Walter Gropius died in Boston in 1969, at the age of 86 years old. His buildings reflect the style of the Bauhaus, with new materials used in their construction and giving them a modern look, unknown at that time. Smooth facades and clear lines, lack of unnecessary decorative elements. This architecture has made of him one of the key leaders of the so-called 'International Style' in architecture.

VASSILY KANDINSKY

Kandinsky was born Moscow in 1866 into a comfortable and cultured family. He learnt German from his grandmother, and took lessons in piano, cello and drawing. In 1885, he began to study law at the Moscow faculty, going on to complete his thesis. But when he was just on the point of obtaining a teaching position, in 1895, he decided to break with his legal career and devote himself to art. He then went to Munich to learn painting, and very soon set up as a teacher himself by creating, with other Munich artists, the Phalanx art group. Through this association he met Gabriele Münter, a German-American artist, who was his companion until 1914. With her, he travelled throughout Europe and North Africa and then, in 1906, established himself in Paris for a year. At this time, his works consisted of small paintings, often landscapes in the impressionist style, like a travel logbook, which gained him the reputation of a dilettante in the Parisian milieu.

It was not until 1908, back in Germany, where he was living with Gabriele Münter in Murnau, that his real artistic career began. Although his favourite themes – landscapes, popular culture – remained the same, he treated them in an increasingly abstract manner with a growing autonomy of colours. In 1914, when war broke out, he left Munich to take refuge in Switzerland, then went to Moscow where he remained until 1921. There, he began to write a text, conceived as the companion piece to Concerning the Spiritual in Art, “On Materialism in Art”, which would not be published until 1926 as Point and line to plane. During this period, he painted little, favouring, for material reasons, drawing and works on paper. Then, as the new regime established itself, he devoted his attention to the creation of the country’s new artistic structures, such as the IZO, the state body responsible for fine arts.

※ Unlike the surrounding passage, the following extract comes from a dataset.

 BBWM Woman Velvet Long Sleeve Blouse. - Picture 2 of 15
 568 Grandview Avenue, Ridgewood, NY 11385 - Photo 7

Nevertheless, his situation, as much artistic as financial and political, had become precarious. During an official mission in 1921, he decided to remain in Germany with his wife Nina. Walter Gropius, director of the Bauhaus Movement, offered him a teaching position, which he would occupy up until the school’s closure in 1933 and his departure for France. At this time, his German nationality obtained in 1927 having been revoked, the stateless Kandinsky established himself in Paris. It was not until 1939 that he became a French citizen, in extremis before the start of the Second World War. Until 1944, the Kandinskys led a secluded life in Neuilly-sur-Seine, where the artist pursued his final research objectives.

Oskar SCHLEMMER

Oskar Schlemmer (4 September 1888 – 13 April 1943) was a German painter, sculptor, designer and choreographer associated with the Bauhaus school. In 1923 he was hired as Master of Form at the Bauhaus theatre workshop, after working some time at the workshop of sculpture. His most famous work is "Triadisches Ballett," in which the actors are transfigured from the normal to geometrical shapes. Also in Slat Dance and Treppenwitz, the performers' costumes make them into living sculpture, as if part of the scenery.

JOSEF ALBERS

Josef Albers was born in Bottrop (Westphalia, Germany) in 1888 and died in 1976 in New Haven, Connecticut, in the United States, his adopted country to where he emigrated in 1933, the year of the rise to power of the Nazi party, which impeded the continuation of the Bauhaus where Albers had been a teacher at its venues in Weimar, Dessau and Berlin. Having moved to America, Albers taught at Black Mountain College (North Carolina) until 1949. He was later head of the Department of Design at Yale University (New Haven, Connecticut), retiring from that position in 1958. From his early years at the Bauhaus in his native Germany until the end of his career at Yale, Albers combined artistic creation with teaching and many leading American artists trained with him.